Al menos, esto es lo que se desprende de un minucioso estudio realizado por el Instituto Sindical de Trabajo, Ambiente y Salud (Istas) y financiado por el Plan Nacional sobre Drogas, que dirige Carmen Moya. El estudio Percepción y actitud de las empresas españolas ante el alcohol y otras drogas,elaborado a finales del año pasado, se basa en las entrevistas a casi un millar de trabajadores de 326 empresas de distintos tamaños y de seis comunidades, incluida Catalunya.

Además, los trabajadores que han ofrecido su opinión forman parte de distintos estamentos de cada empresa, desde la dirección del departamento de recursos humanos, delegados sindicales de los comités de seguridad y salud en el trabajo hasta miembros de los servicios de prevención.

Según este trabajo, a la pregunta de qué les parece más grave en el ámbito del trabajo, un problema de alcoholismo, o uno de drogas como la cocaína o el tabaquismo, el 52% de los trabajadores señala que tanto el alcoholismo como el consumo de otras drogas son un problema grave en el trabajo, frente a un 31% que considera el consumo de drogas ilegales como lo más grave o el 16% que opina así del alcoholismo.

¿Por qué? Hasta el 86% de los entrevistados considera que el consumo elevado de alcohol está relacionado directamente con el absentismo, y casi la misma proporción de trabajadores lo relaciona con el consumo de drogas y la no asistencia al trabajo.

Asimismo, el 48% apunta al alcohol como causante de los accidentes laborales y el 41% estima que quien bebe no rinde como debiera o disminuye notablemente la actividad que diariamente realiza. Es curioso comprobar cómo estas mismas razones son esgrimidas por casi el mismo porcentaje de encuestados cuando se refieren a trabajadores drogodependientes.

Entre el 65% y el 68% de los entrevistados considera que tanto el consumo excesivo de alcohol como el de otras drogas resulta perjudicial para la salud del trabajador que las toma.

Esta serie de respuestas señala a todas luces que en los últimos años la percepción que los trabajadores tienen del alcohol ha cambiado y que el abuso de éste es considerado no sólo perjudicial para quien lo consume sino para el resto de compañeros que ven que hay más posibilidades de que se produzca un accidente laboral o ven incrementada su carga de trabajo al disminuir la del consumidor. Tanto ha cambiado, que equiparan a un alcohólico con un drogadicto, algo impensable hace unos años, sobre todo en un país en el que tomar alcohol es un acto social ensalzado.

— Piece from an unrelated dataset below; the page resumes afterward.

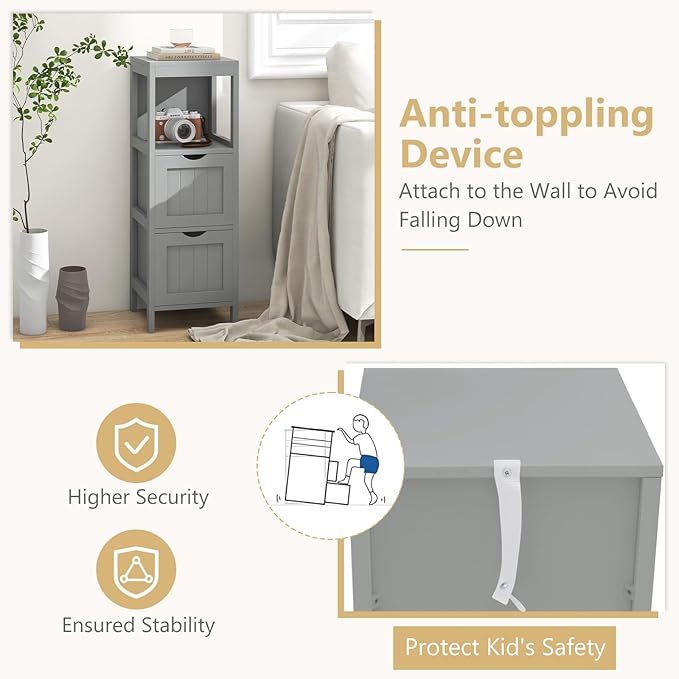 Tangkula Small Bathroom Storage Cabinet with 2 Removable Drawers, Wood Freestanding Floor Cabinet for Bathroom, Anti-Tipping Device, Side Corner Cabinet for Small Spaces (Grey)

Precisamente esta tolerancia social es la que, a juicio de casi el 60% de los preguntados, hace que la empresa no intervenga frente a los casos de empleados que consumen alcohol en exceso. Un 36%, por su parte, estima que la empresa no hace nada sencillamente porque ésta considera que es un problema del trabajador y que debe solucionarlo por su propia cuenta.

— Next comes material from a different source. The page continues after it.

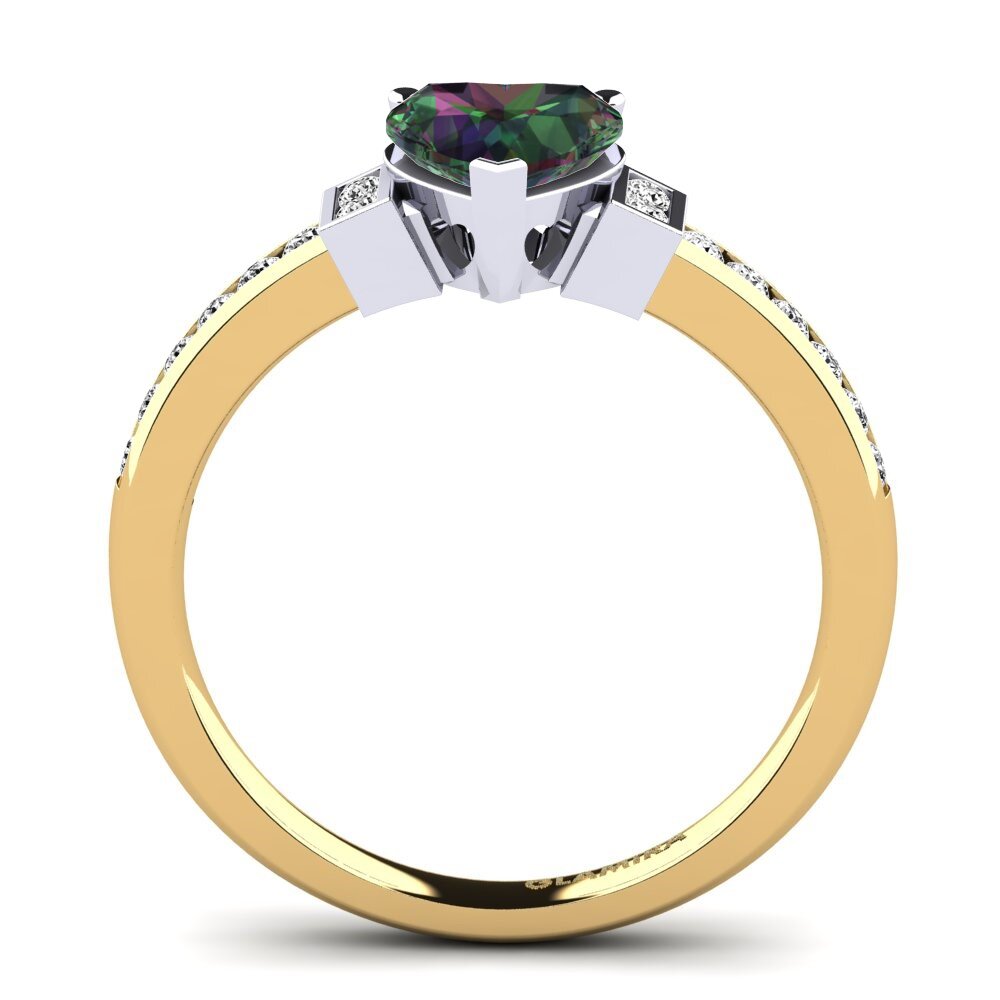 750 Gelb & Weißgold Mystic Topas Verlobungsring Josephine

Sin embargo, la mayoría de los trabajadores reclama que las empresas intervengan y cree que la mejor manera de hacerlo es desde la prevención. Seis de cada diez encuestados creen que las empresas pueden combatir los abusos de alcohol, otras drogas y tabaquismo mediante actividades de formación sobre estos hábitos.

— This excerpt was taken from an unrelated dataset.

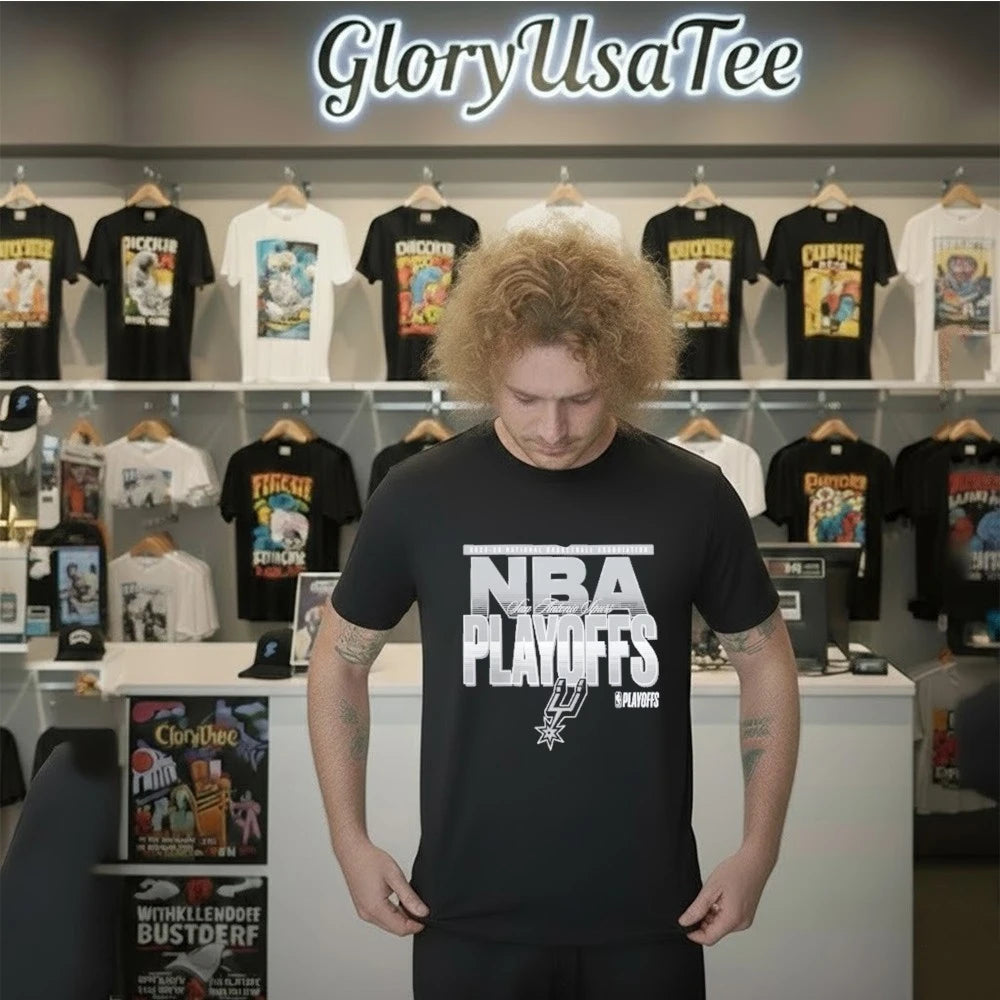 San Antonio Spurs Black 2026 NBA Playoffs T-Shirt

De hecho, señalan que en aquellas empresas en las que se han desarrollado programas de prevención se obtienen resultados muy positivos. El estudio indica que el 53% de los trabajadores que han seguido programas de rehabilitación ha conseguido superar la adicción y ha seguido trabajando, el 46% en el mismo puesto que ocupaba.


Ahora, a por la bebida con grado

El Ministerio de Sanidad tiene previsto presentar antes de que acabe septiembre su propuesta para reducir el consumo de alcohol entre los jóvenes, uno de sus principales retos tras la batalla que está llevando a cabo contra el tabaquismo. Sanidad, y más en concreto la ministra Elena Salgado, considera completamente irracional la permisividad que la sociedad tiene sobre el alcohol y que inevitablemente se traslada a los jóvenes: cada vez empiezan a beber antes y en mayor cantidad. Por lo pronto, unificará la venta de alcohol a menores a los 18 años y propondrá una serie de medidas para evitar que los menores tengan acceso al alcohol, algo que, sin embargo, ya estipulan numerosas comunidades y ayuntamientos, aunque con poco éxito.